- [Instructions to follow]:
Transcribe exactly, and only, the lines that fall between the line containing "Shaded Relief Panoramic" and the last line of the material, both ends included, omitting any pictures.
───
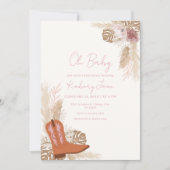 ボホエレガント女性のカーボーイブーツパンパスベビーシャワー 招待状 (正面)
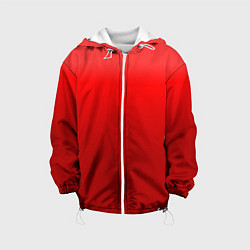 Куртка с капюшоном детская Кроваво-красный градиент, цвет: 3D-белый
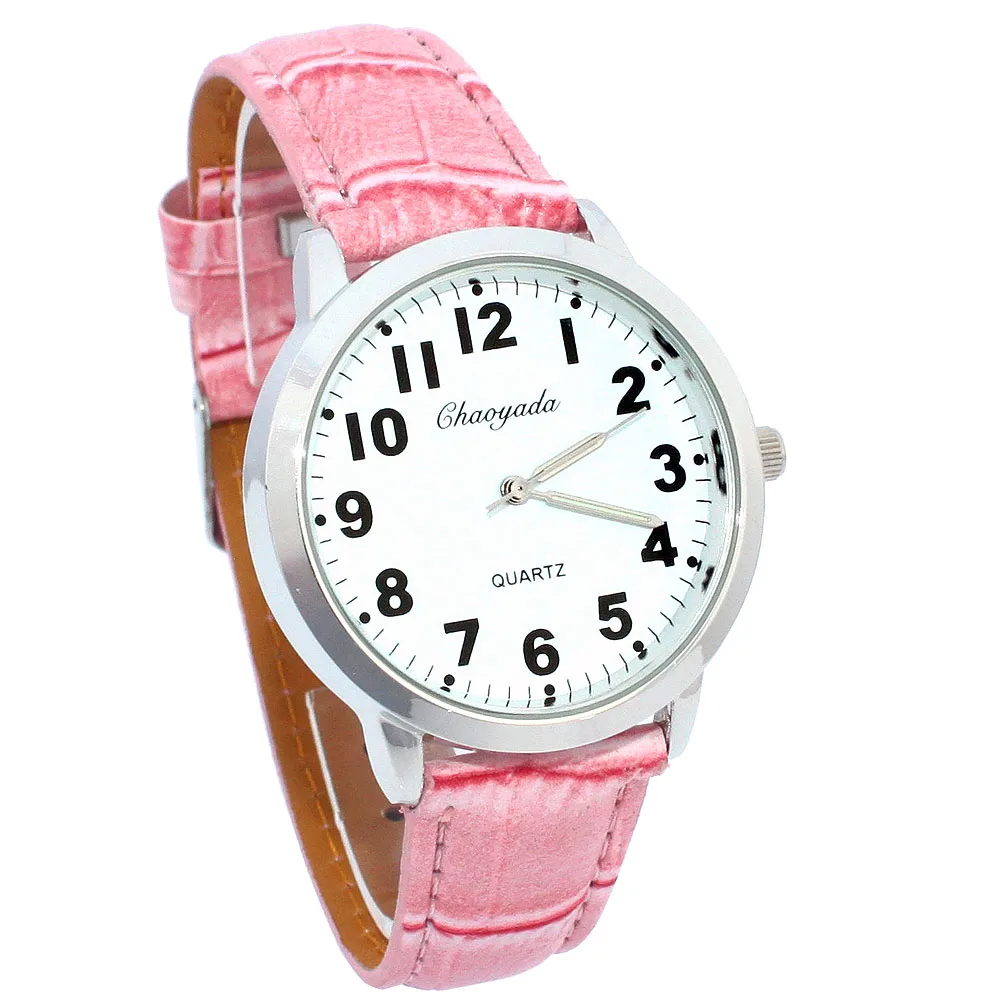 Часы женские кварцевые с цифрами, с кожаным ремешком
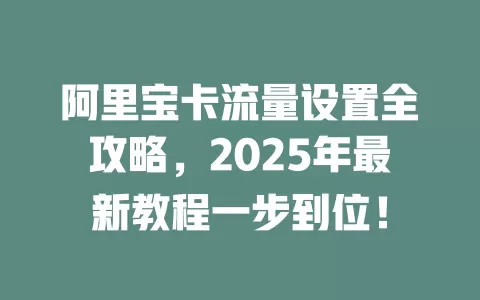阿里宝卡流量设置全攻略，2025年最新教程一步到位！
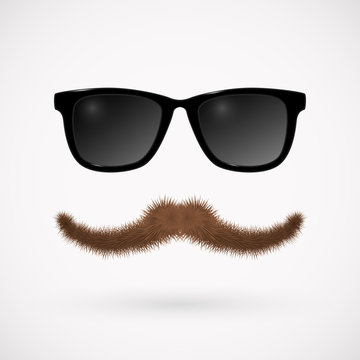 Hipster glasses and mustache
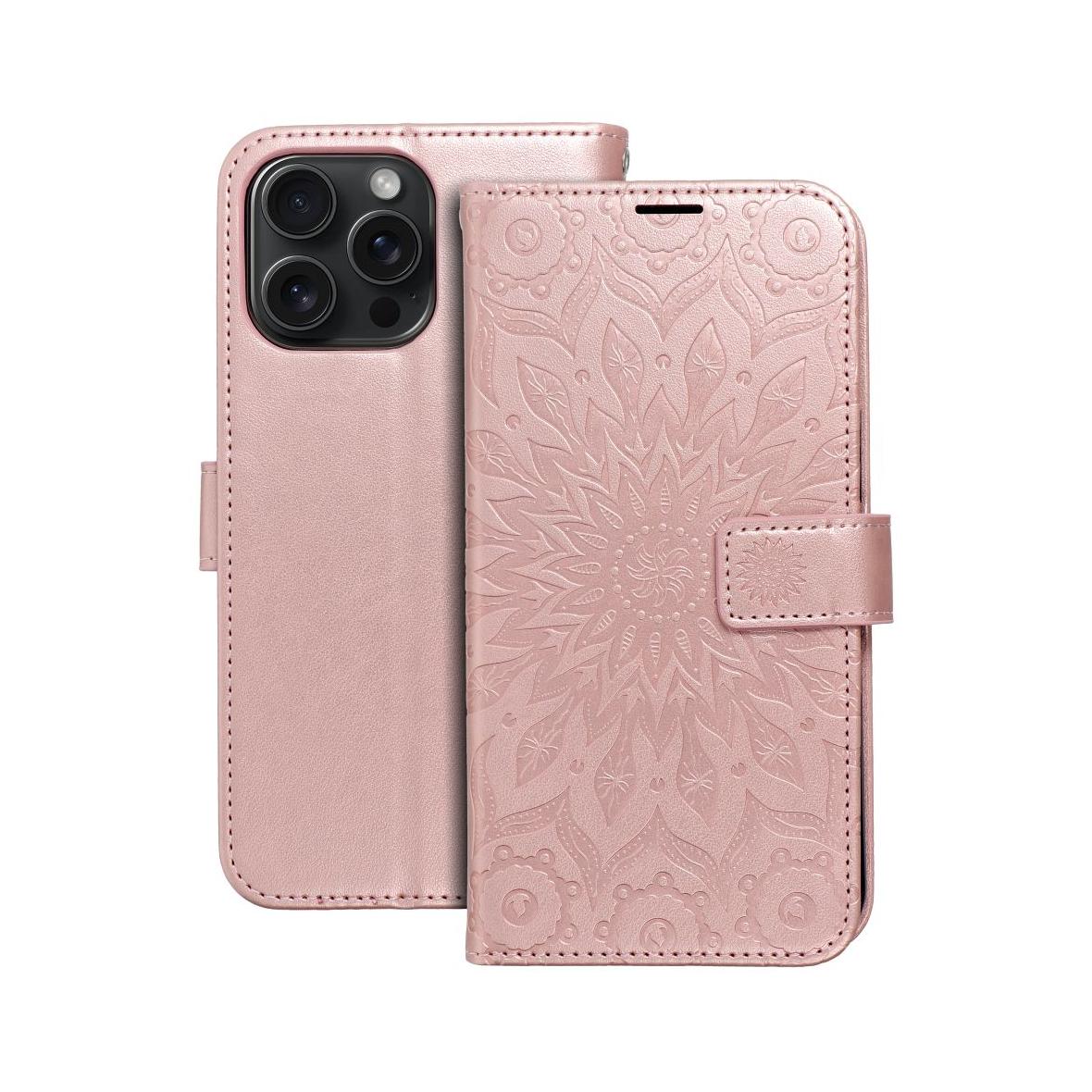 Etui z klapką na iPhone 15 PRO MAX Mezzo Book mandala złoto-różowe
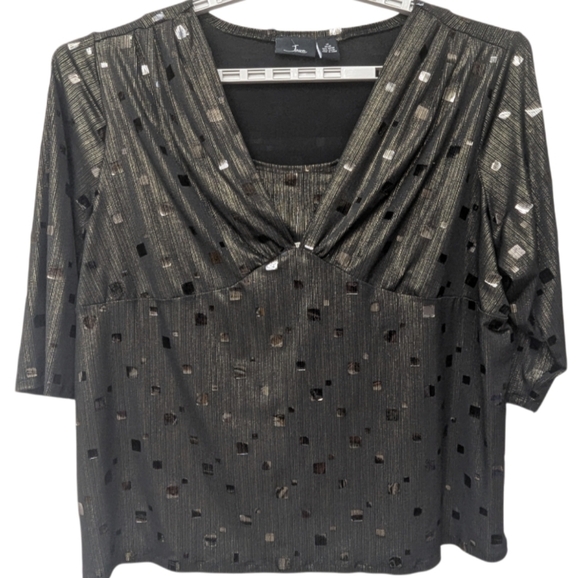 Java Tops - Java 3X (26/28) Black Shimmer Blouse With Gold Threads And Ice-like Decals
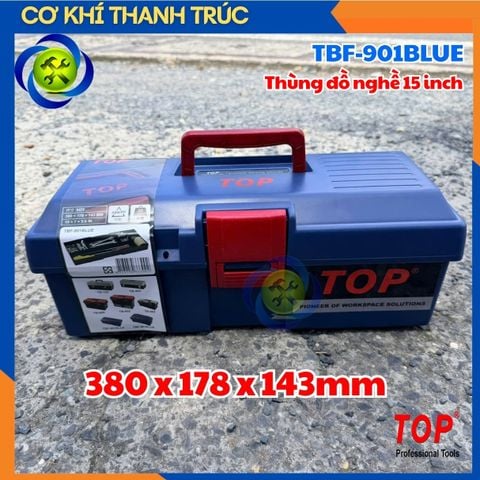 Thùng Đựng Đồ Nghề Nhựa TOP TBF-901BLUE 380 x 178 x 143mm Khóa Nhựa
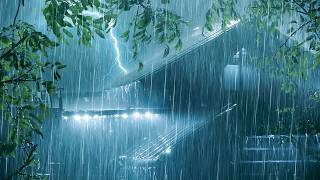 Rainy Night Ambience for a Restful Sleep 🌧️ Torrential Rain ASMR on Metal Roof & Mighty Thunder
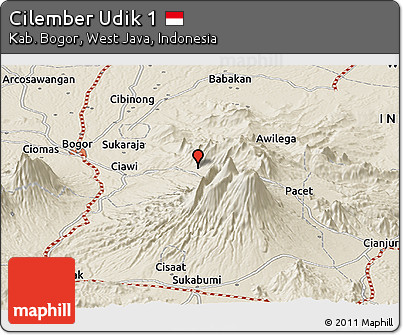 Shaded Relief Panoramic Map of Cilember Udik 1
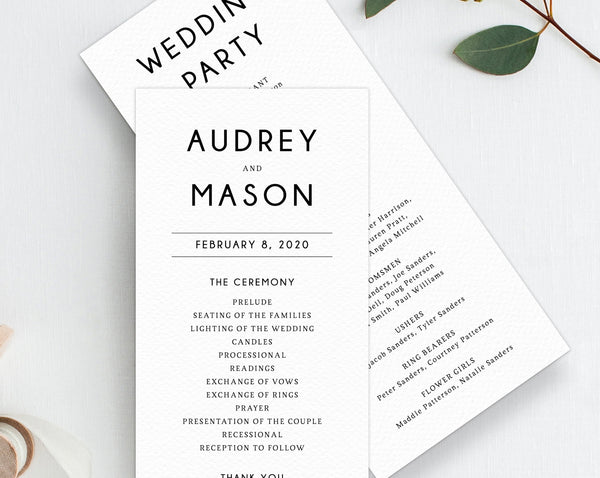 Wedding Program Template, Printable Wedding Program, Simple Wedding Program, Editable Ceremony Programs, Instant Download, Templett, W25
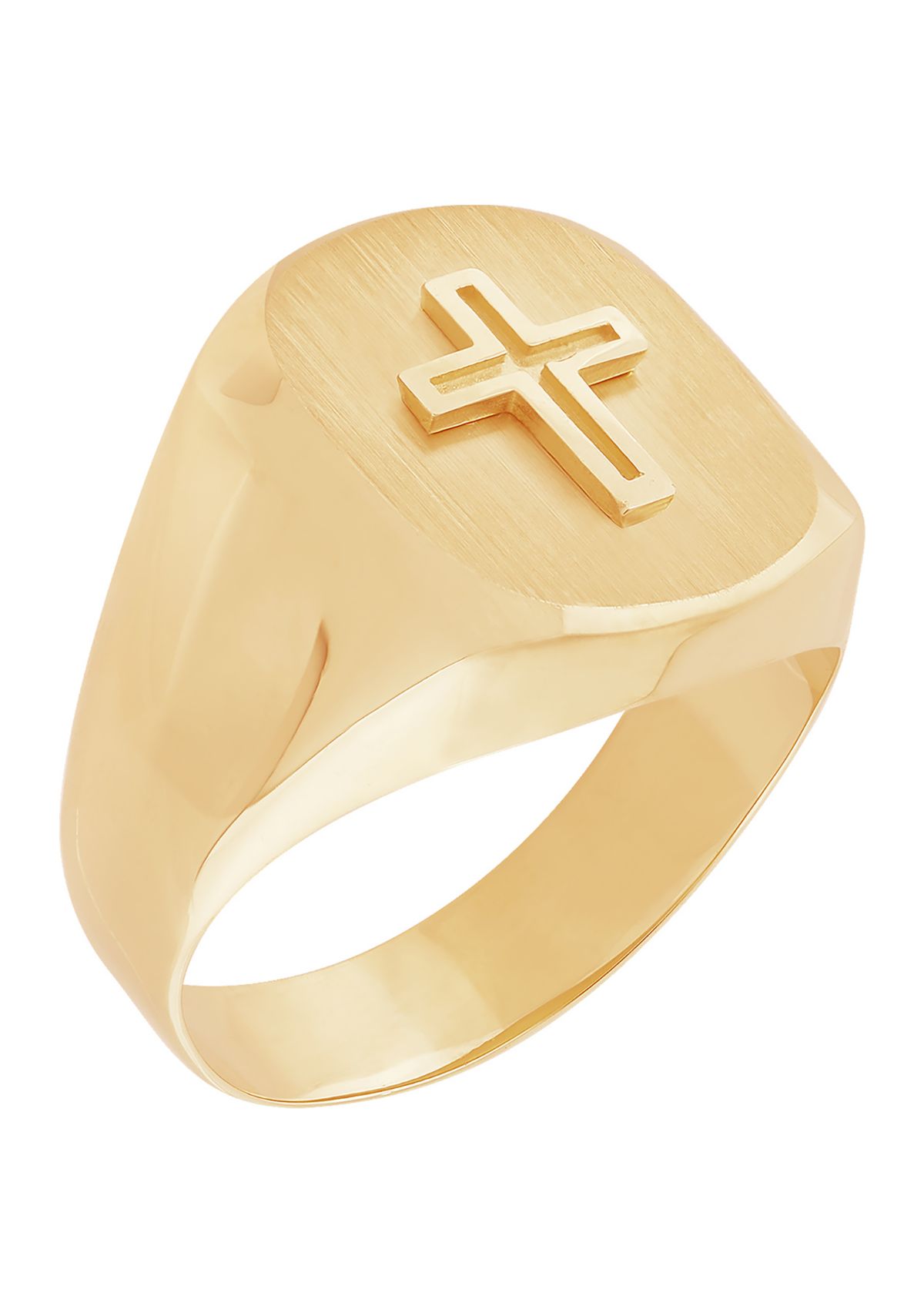 Mens Cross Wide Band Ring in 10K Yellow Gold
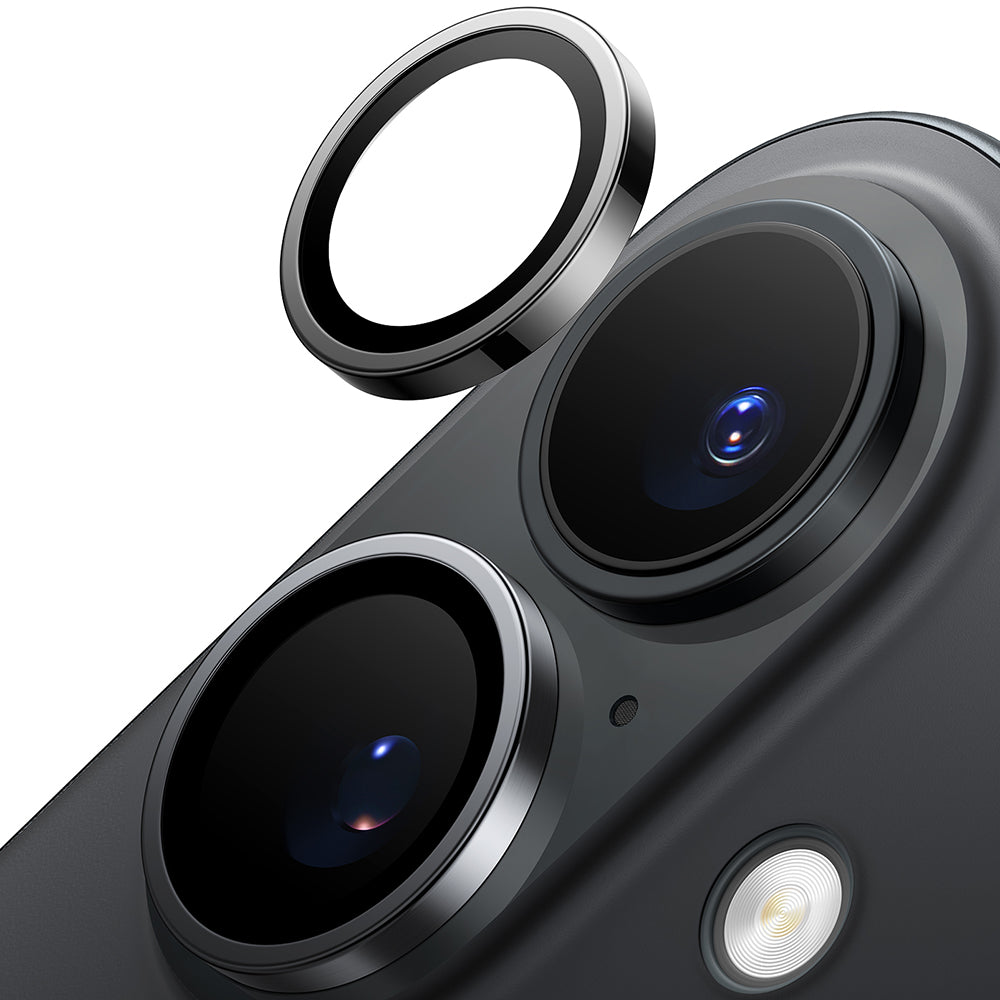 Beskyttelsesfolie for bakre kamera Torras Lensguard for Apple iPhone 16 Plus / 16, Herdet glass, Svart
───
- [Answer box]:
 Shaded Relief Panoramic Map of Cilember Udik 1
 Wedding Program Template, Printable Wedding Program, Simple Wedding Program, Editable Ceremony Programs, Instant Download, Templett, W25
 Mens Cross Wide Band Ring in 10K Yellow Gold
 Beskyttelsesfolie for bakre kamera Torras Lensguard for Apple iPhone 16 Plus / 16, Herdet glass, Svart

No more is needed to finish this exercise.